La idea de que debemos unirnos por compartir un género específico no tiene sentido para mí. Las identidades son siempre un error. Me interesan las propuestas que tienen que ver con la discriminación basada en normas de género. Debemos alienarnos con personas con las que compartimos objetivos, no con personas con las que compartimos el género, en especial en lo que refiere a la igualdad; por ejemplo, los movimientos anti-discriminación y de trabajadores, incluso aunque haya cierto agonismo. Es un error terrible alinearse en la lucha solo en base al género porque además, en cualquier movimiento, siempre hay gente que no es tan radical, incluso feministas sin análisis sobre el racismo o la clase.

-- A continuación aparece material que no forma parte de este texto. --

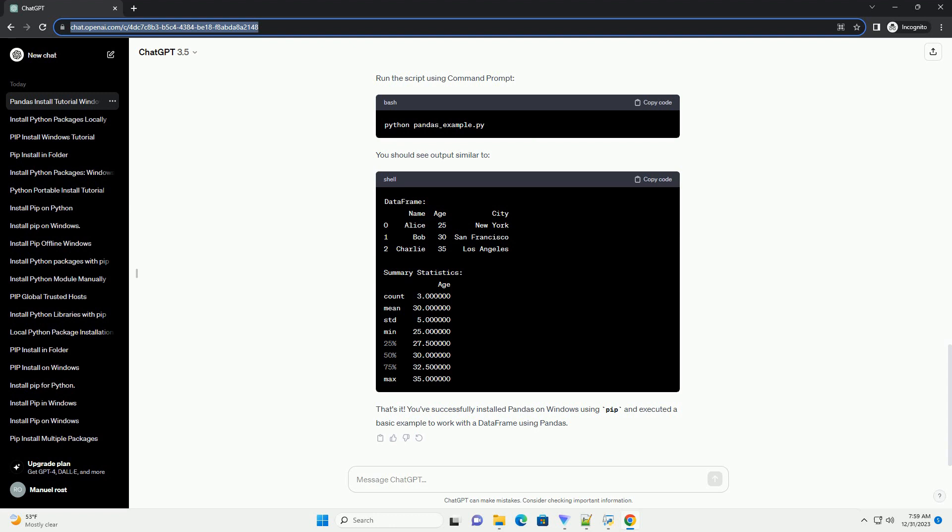That's it. You've successfully installed pandas on Windows using pip and executed a basic example to work with a data frame using pandas.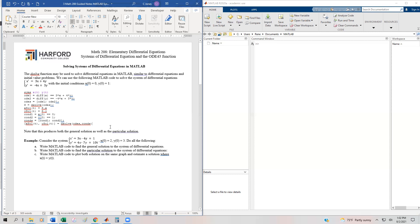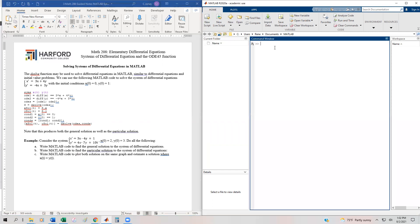Let's look at an example using a different system. We have: X prime equals 3X minus 4Y plus 1, and Y prime equals 4X minus 7Y plus 10T, along with initial conditions. We want to find both the general and particular solutions, then plot both solutions on the same graph and estimate where X(T) equals Y(T).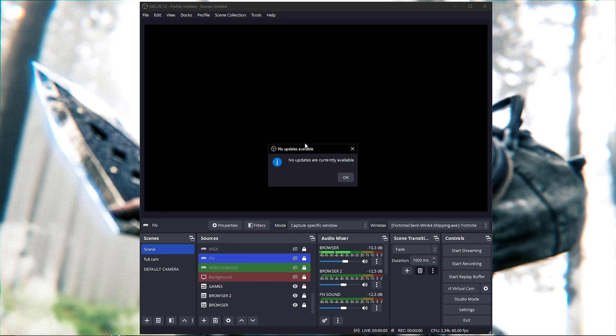Once you click Yes to proceed with the update, it's going to update your OBS. And once it's done, it's going to ask you to launch OBS. Once you launch it, you are completely done with the OBS update.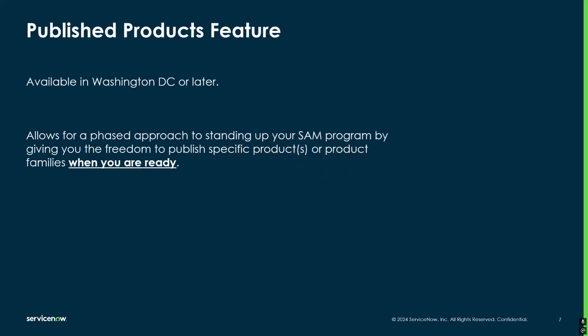The Published Product feature is available in Washington DC or later and what it's going to do is allow for a phased approach to standing up your SAM program by giving you the freedom to publish specific software products or product families when you are ready to. With that being said, let's begin the demo portion of this video where I show you how to turn this feature on and how to employ it in your SAM instance.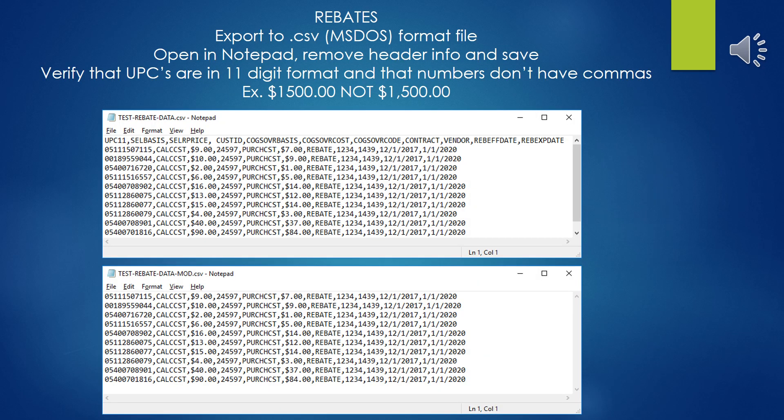Once you've created your rebate spreadsheet according to the parameters in the previous example, then you'll want to export this into a CSV format. Keep in mind, as mentioned in the previous slide, that the customer ID and vendor ID that I have here is unique to my system, so when you construct this your IDs are going to be different. I also am not psychic. I do not know what your vendor SPA rebate number is going to be, so you'll have to put in yours specifically. After you have constructed this spreadsheet, you do a file save as and select MS-DOS CSV file format, and then you get this.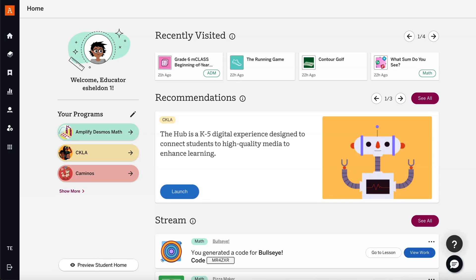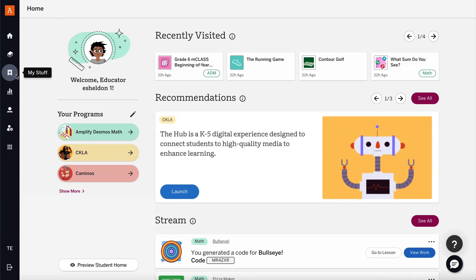To find your custom activities, educators can visit My Stuff, located on the vertical navigation bar on the left-hand side of the educator homepage.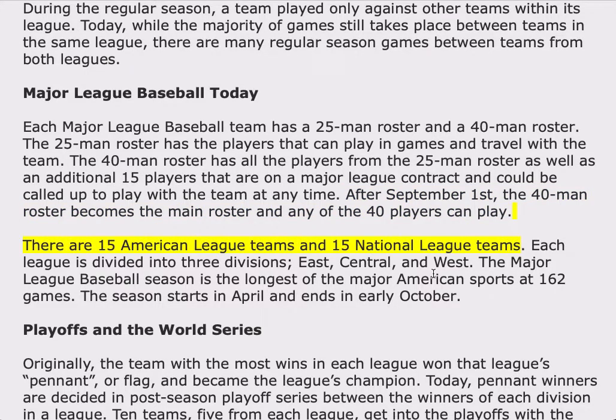There are 15 American League teams and 15 National League teams. Each league is divided into three divisions: East, Central, and West. The Major League Baseball season is the longest of the major American sports at 162 games. The season starts in April and ends in early October.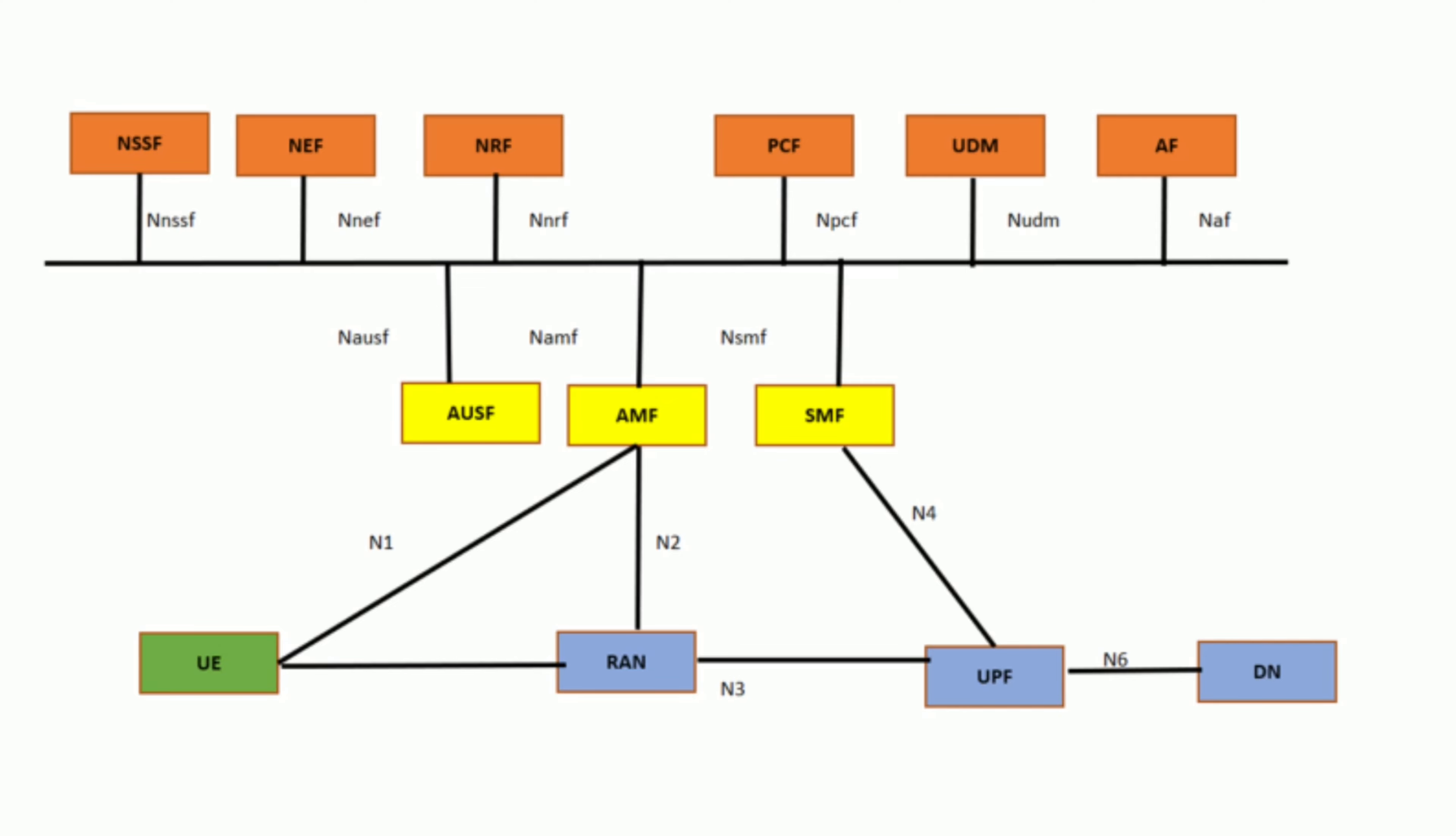Network Functions: Access and Mobility Management Function, AMF. AMF manages connection and mobility aspects of user equipment, UE. It handles user registration, connection setup, and mobility management, ensuring seamless connectivity.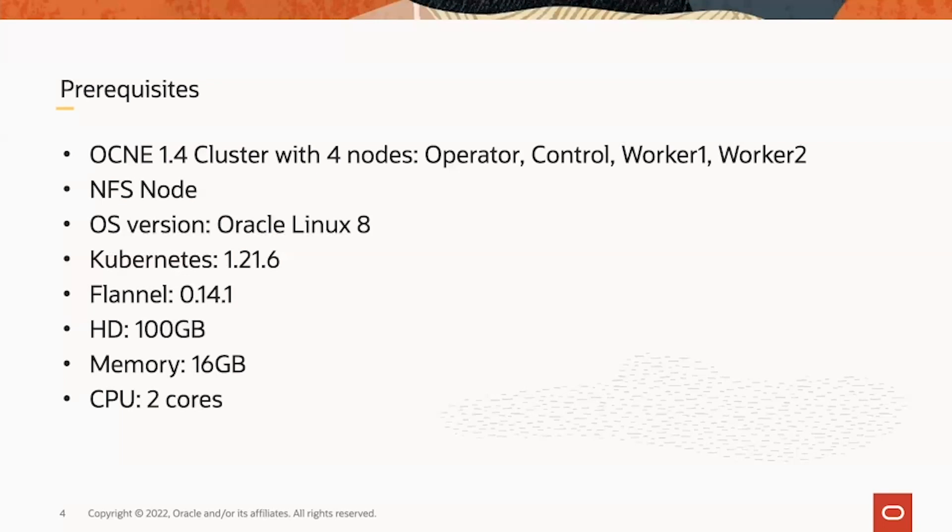The hardware requirement here listed is very minimum. I successfully deployed the Kubernetes cluster and OED cluster without any issue, but in real cases you probably need more.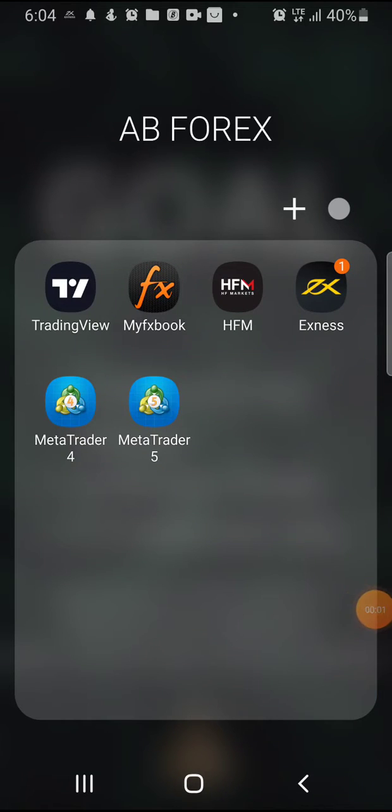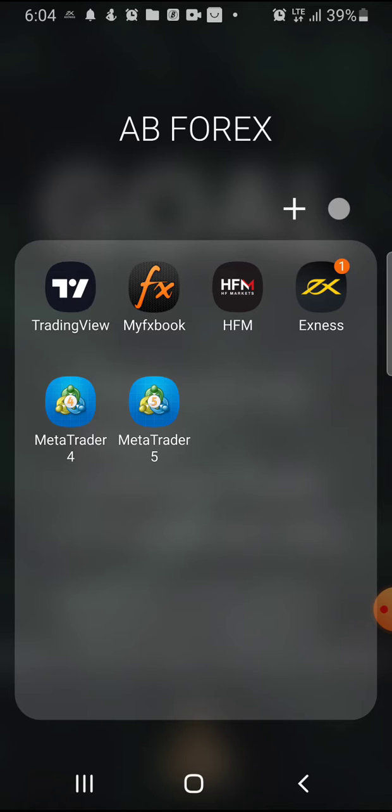What's up guys, it's your boy Alpha Blue and you're welcome to my channel. If you're new to this channel, you're welcome. In this video, I'll be showing you how to refresh your MT4 or your MT5.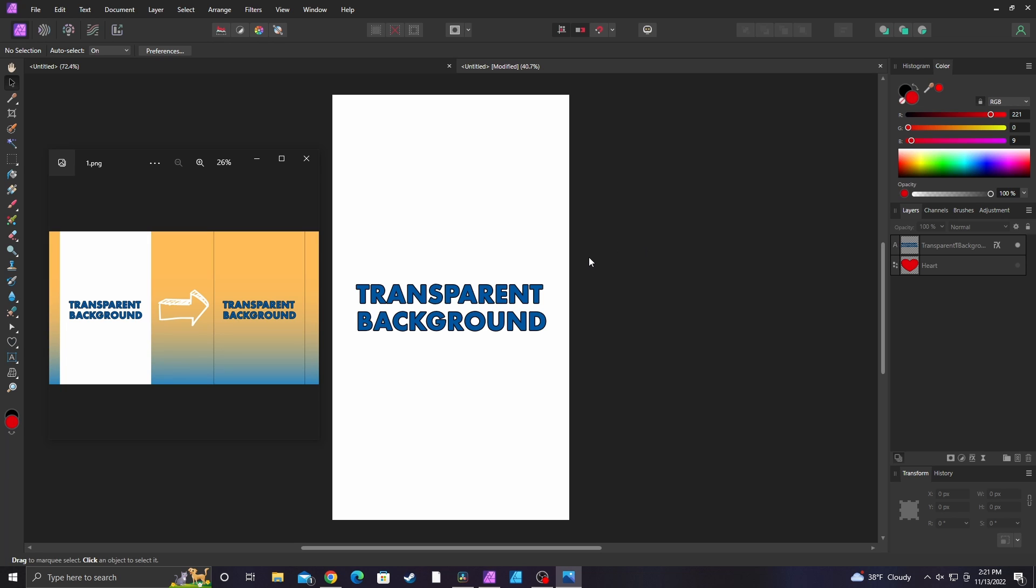All right, in today's video I'm going to be talking about how to export a transparent background PNG in Affinity Photo 2.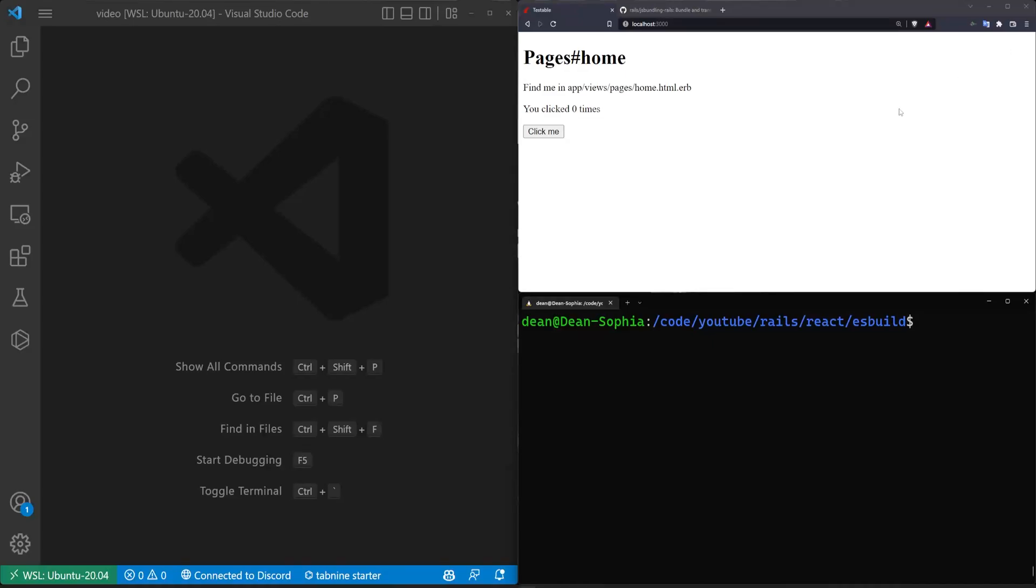Hello everyone, today we're going to be covering using ESBuild in Rails 7. First part of this is just going to be a really quick tutorial on how to use ESBuild.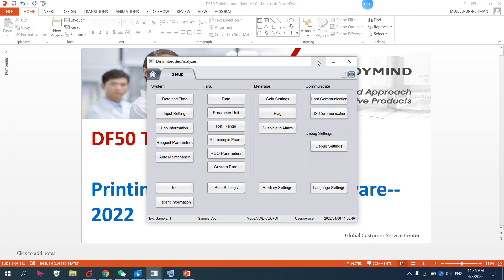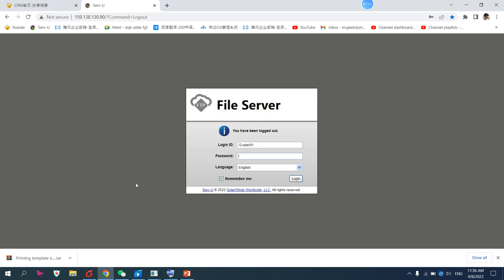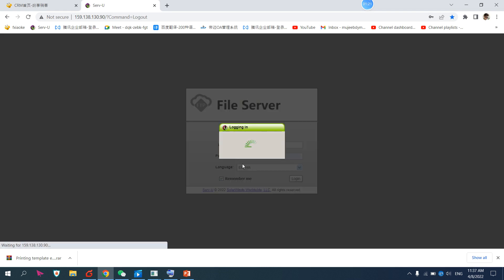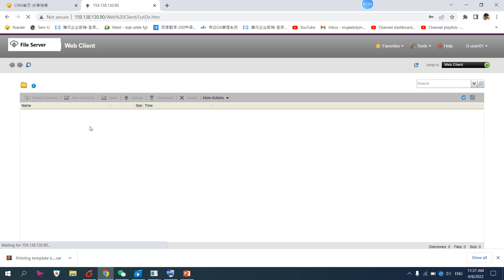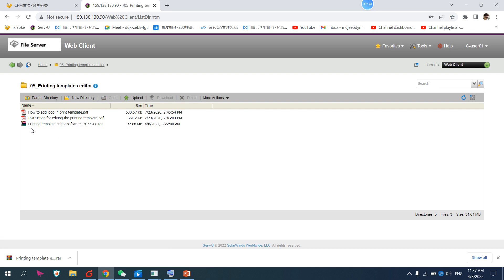Then you have to go to our FTP server and login with a general account. In the general account, you will find the software file. You have to download that software. I have already downloaded it, and also these two instruction guides.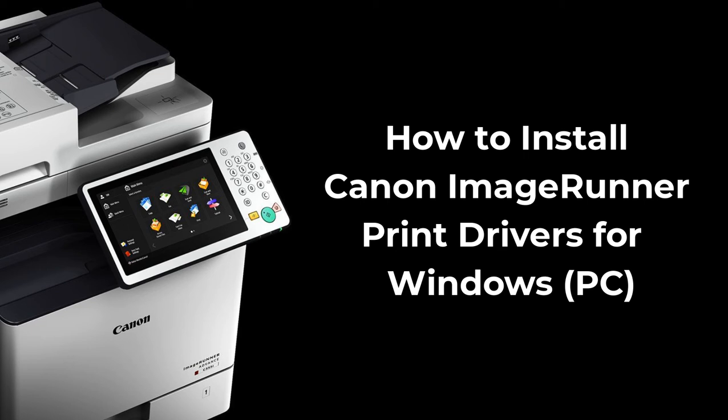The purpose of this video is to demonstrate how to download and install the recommended Canon driver for most Canon image runner devices on a Windows computer.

O con un atraso importante con respecto al trabajo sexual, o a la pornografía…

Personalmente no tengo objeciones morales con respecto a la pornografía, del mismo modo que creo que el trabajo sexual es trabajo. Me gustaría que la pornografía tuviera mejores tramas, fuera más experimental. También me gustaría que la gente que trabaja en esa industria tuviera las mismas condiciones laborales que cualquier otro trabajador o trabajadora: protección legal, seguro médico, vacaciones, etc. Me opongo a la pornografía en la medida en la que me opondría a una fábrica que explote a sus empleados.

¿En resumidas cuentas, nada hay absoluto o a priori?

El derecho a vivir es un derecho absoluto, nadie vivo tiene más derecho a vivir que otra persona viviente. Puede haber todo tipo de dinámicas y desequilibrios, pero el derecho a vivir es la única precondición que reconozco. Lo pienso en el sentido de Theodore Adorno, que no manejaba principios absolutos, y cuya pregunta es cómo vivir responsablemente en este mal mundo, y me parece que eso no se puede contestar sin estar críticamente involucrada. O el duelo, que es también una precondición de la vida, de todas las vidas humanas. Es decir, una re-elaboración del derecho a tener derechos de Hanna Arendt, el derecho a pertenecer a la humanidad, pero en el sentido de ejercer un derecho que no ha sido otorgado, como en el caso del canto de los inmigrantes ilegales de 2006, que también sirva para pensar por fuera y mas allá de un rebrote de patriotismo nacionalista.

De todas las respuestas que Butler ofreció a los y las estudiantes que a empellones se abrieron paso para estar cerca del “ídolo”, hay una acerca de la aplicación de la teoría que pinta a Butler de cuerpo entero como la filósofa de la libertad más importante después de Hannah Arendt y que responde contundentemente a las críticas que algunas de sus compatriotas, como Nancy Fraser o Seyla Benhabib, le han hecho: “La teoría no es para aplicar porque no es un set abstracto de prescripciones sino una forma de articular posibilidades, con una posición histórica. No te dice qué hacer, sino que trata de abrir posibilidades para hacer cosas y en un mundo que cierra es importante abrir. La teoría siempre es insuficiente, debe ser retomada y ser usada en diferentes contextos y convertirse en otra cosa. Escribo desde una perspectiva histórica específica, pero cuando la teoría deja su contexto de producción y va a otro contexto de análisis y sus debilidades se vuelven visibles y fortalezas inusitadas hacen su aparición, realmente siento que fue exitosa, y por eso sostengo la intención autorial no es importante. Lo que importa es cuando pasa algo con la teoría que nunca me hubiera esperado. Entonces yo recibo a cambio un regalo”.